◆ **BRIEF**
Leaving out the pictures, return each line of the entries from the first through the line with "After that simply", and only those lines.
── MATERIAL FOR THE TASK
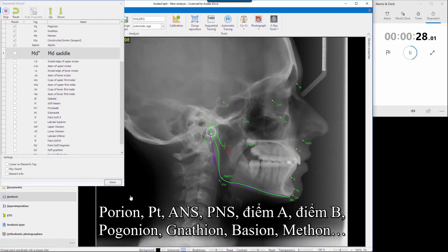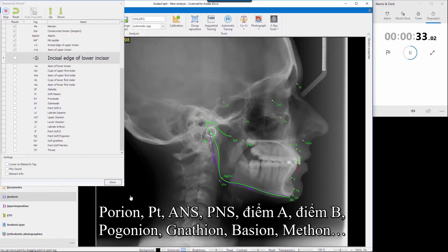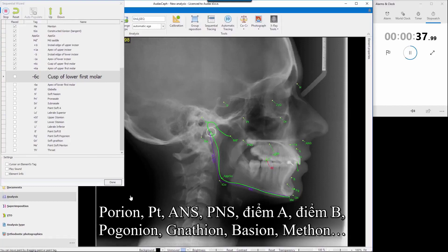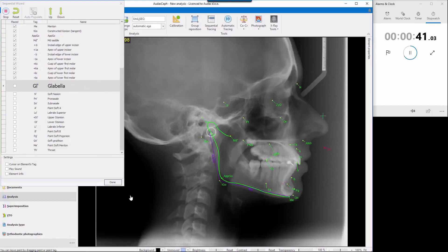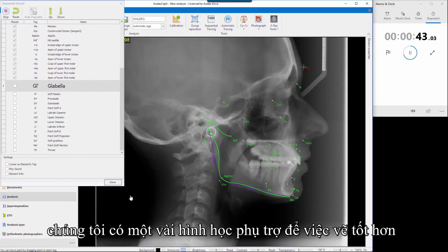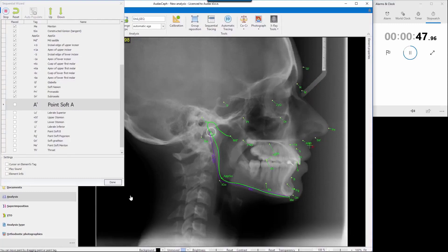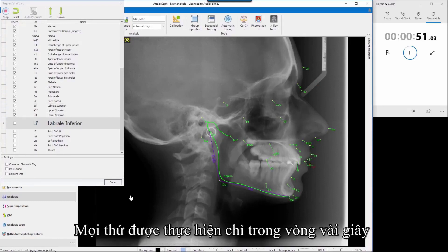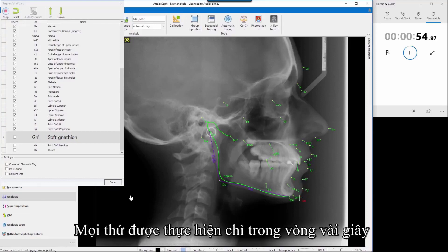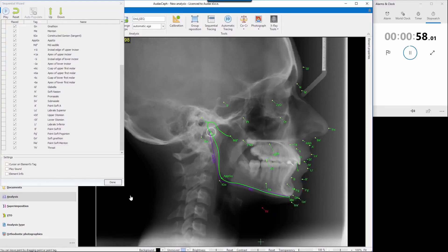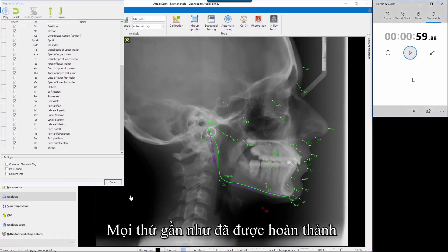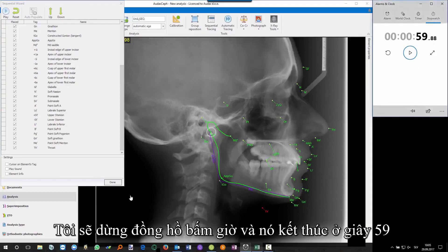We have some auxiliary geometry for better tracing. Now incisors, molars, and at the end we'll also trace soft tissue. We'll be done in a few seconds — both stomions here. I'm almost done. I'll switch off the stopwatch and it's 59 seconds.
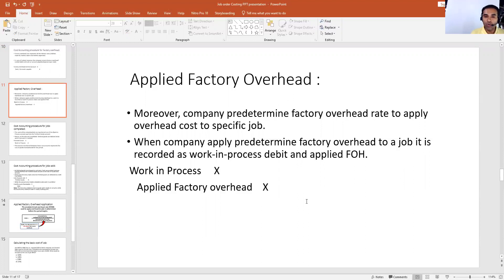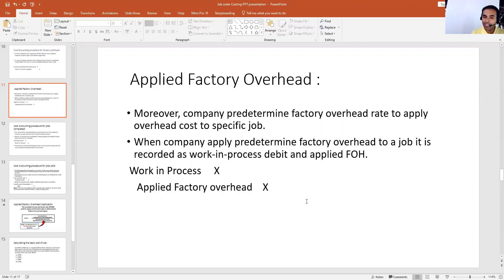Just like we do requisitions for materials, similarly we requisition applied factory overhead — the pre-determined factory overhead. Applied factory overhead is not your actual factory overhead. Applied factory overhead is basically your pre-determined or budgeted factory overhead, whereas actual factory overhead is what we discussed in our previous slide.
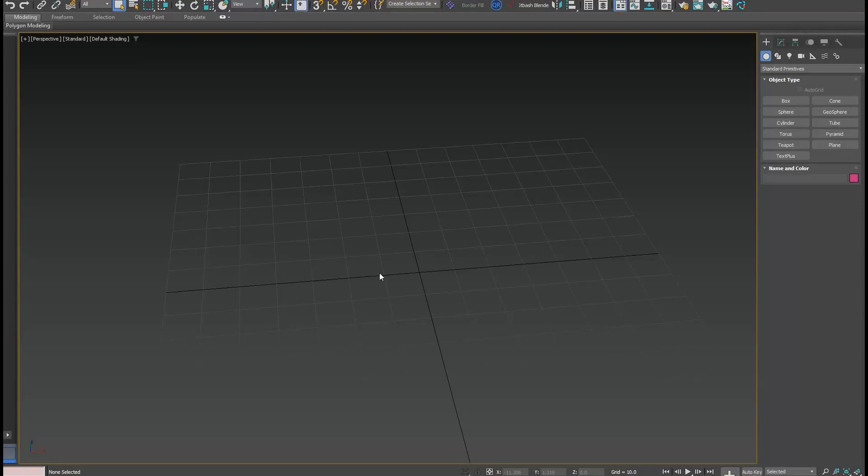Hey guys, it's Edgian here. In this tutorial, we're going to cover most of the splines and curve tools inside of 3ds Max. 3ds Max has the most advanced and amazing curves and splines feature in the whole industry. I'm going to cover most of them very quickly and move to the next one.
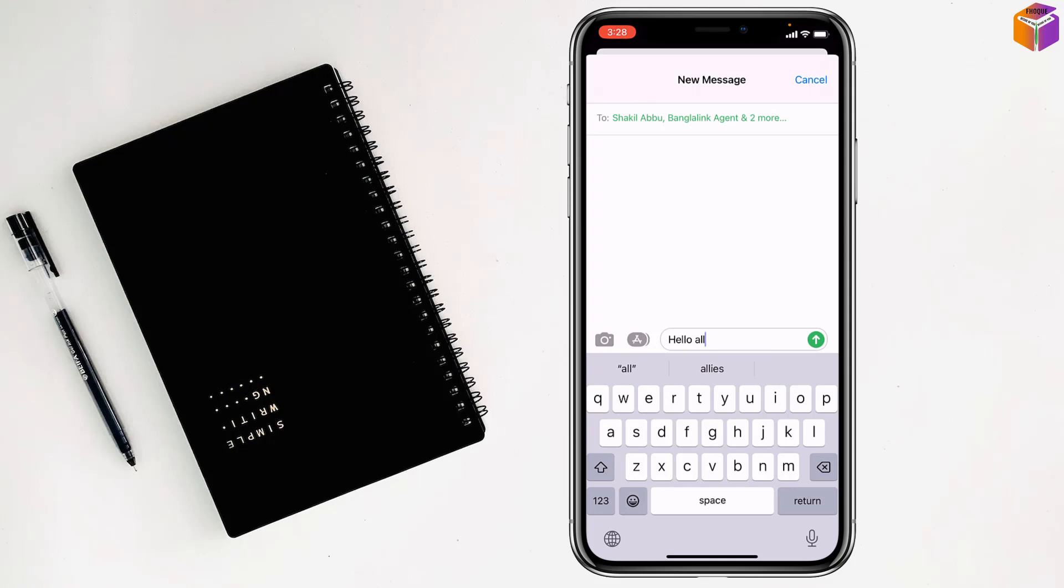After that simply you have to press send from here. So like this if you want you can create group chat on iPhone or iPad.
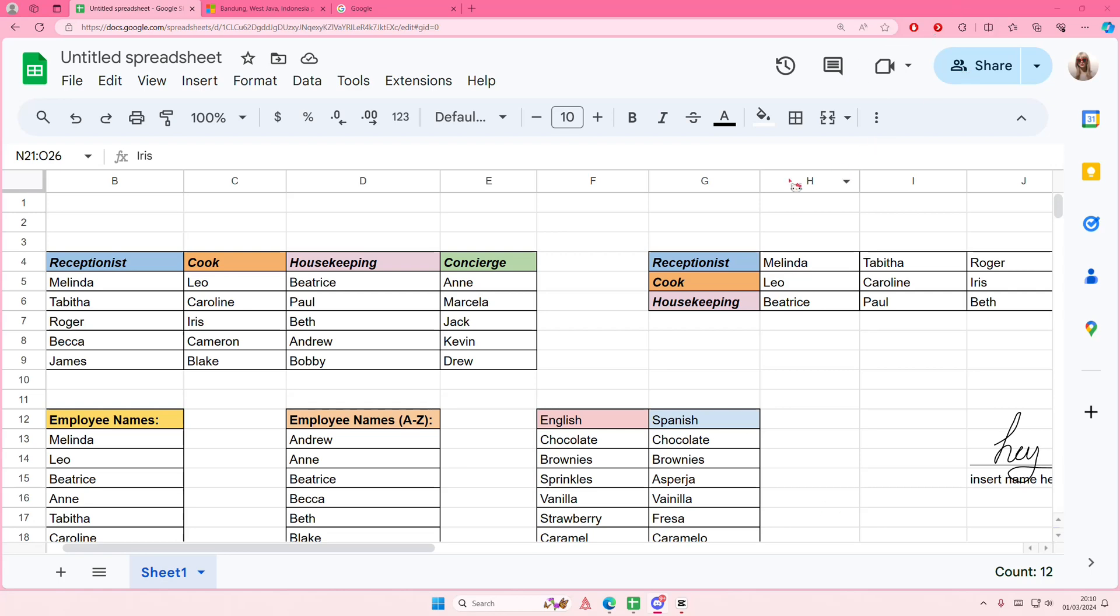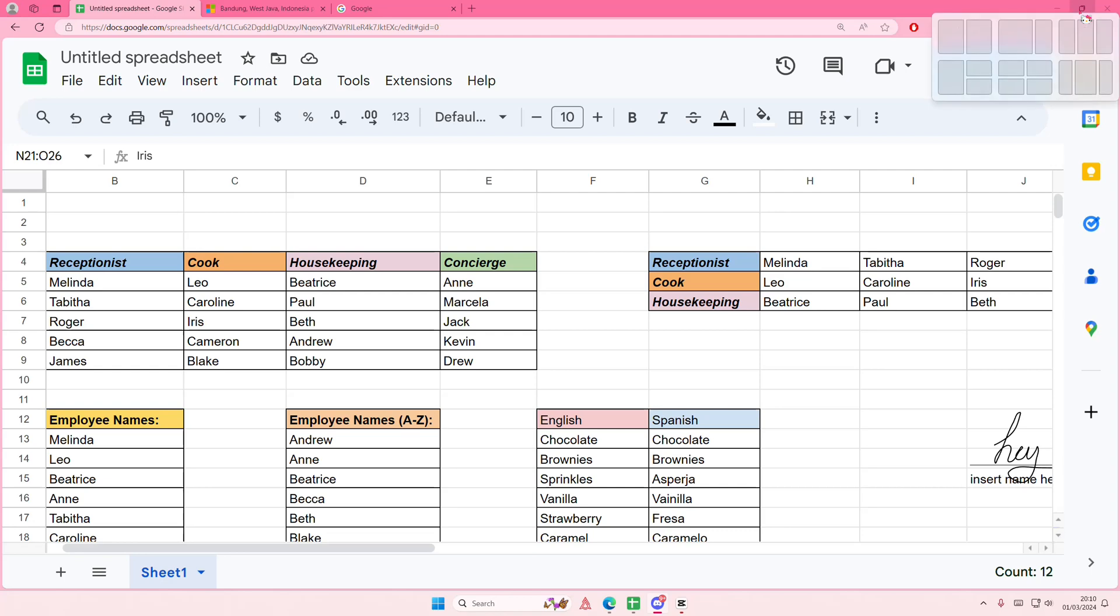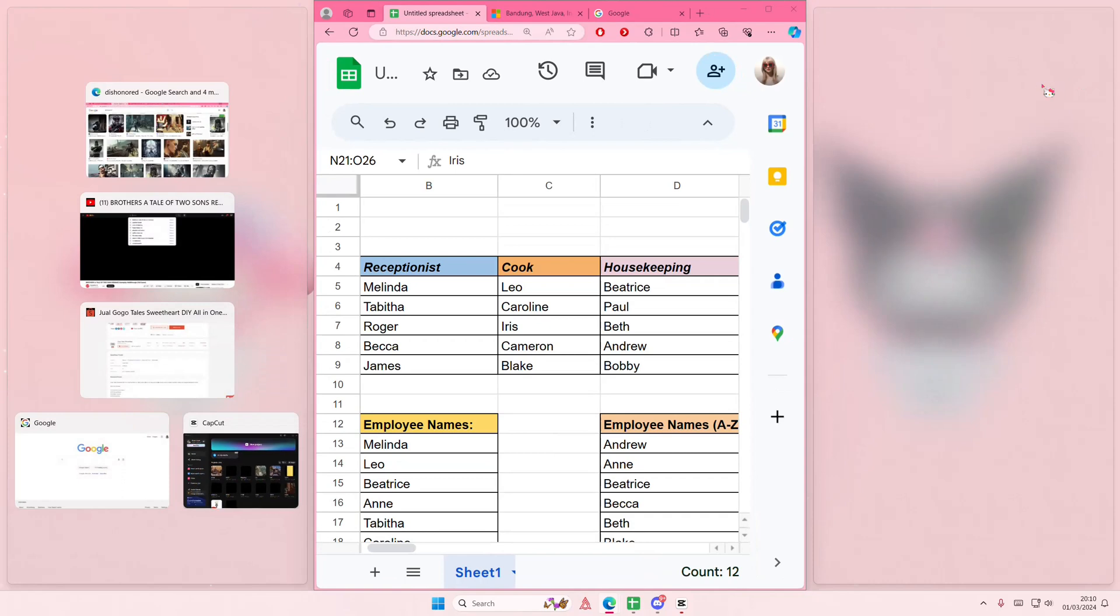So you're going to grab the cursor and hover it over this kind of button. Then you're going to select whichever layout you want, for instance, this one. And then I'm going to select a tab.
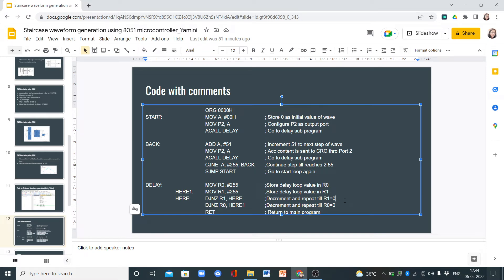Then we decrement and repeat till R1 is 0, and then decrement and repeat till R0 is 0. After this loop, we return to the main program again.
────
◆ **ANSWER BOX**
We have some auxiliary geometry for better tracing. Now incisors, molars, and at the end we'll also trace soft tissue. We'll be done in a few seconds — both stomions here. I'm almost done. I'll switch off the stopwatch and it's 59 seconds.
Just like we do requisitions for materials, similarly we requisition applied factory overhead — the pre-determined factory overhead. Applied factory overhead is not your actual factory overhead. Applied factory overhead is basically your pre-determined or budgeted factory overhead, whereas actual factory overhead is what we discussed in our previous slide.
Hey guys, it's Edgian here. In this tutorial, we're going to cover most of the splines and curve tools inside of 3ds Max. 3ds Max has the most advanced and amazing curves and splines feature in the whole industry. I'm going to cover most of them very quickly and move to the next one.
After that simply you have to press send from here. So like this if you want you can create group chat on iPhone or iPad.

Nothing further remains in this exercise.